● EXERCISE BRIEF: From the data below, return the exact lines starting at the line containing "FALCON HOTEL ★★★★" and ending at the line containing "Bootslackierung beim Refit", both included, and nothing else.

● SOURCE MATERIAL:
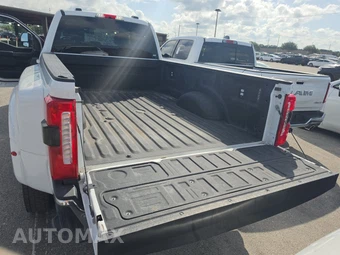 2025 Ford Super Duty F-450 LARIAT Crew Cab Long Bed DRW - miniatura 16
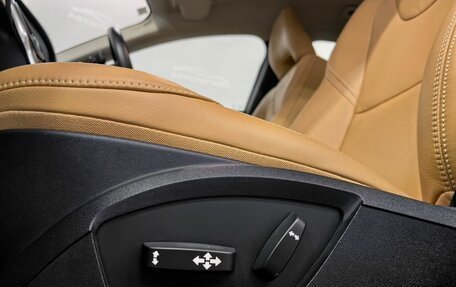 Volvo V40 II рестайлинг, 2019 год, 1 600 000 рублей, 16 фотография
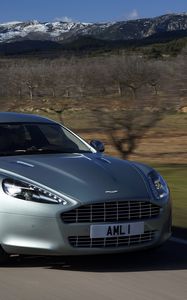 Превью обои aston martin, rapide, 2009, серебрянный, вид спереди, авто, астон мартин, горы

...

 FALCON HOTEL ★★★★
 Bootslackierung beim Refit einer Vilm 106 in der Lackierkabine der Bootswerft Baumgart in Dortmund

● ANSWER BOX:
 FALCON HOTEL ★★★★
 Bootslackierung beim Refit einer Vilm 106 in der Lackierkabine der Bootswerft Baumgart in Dortmund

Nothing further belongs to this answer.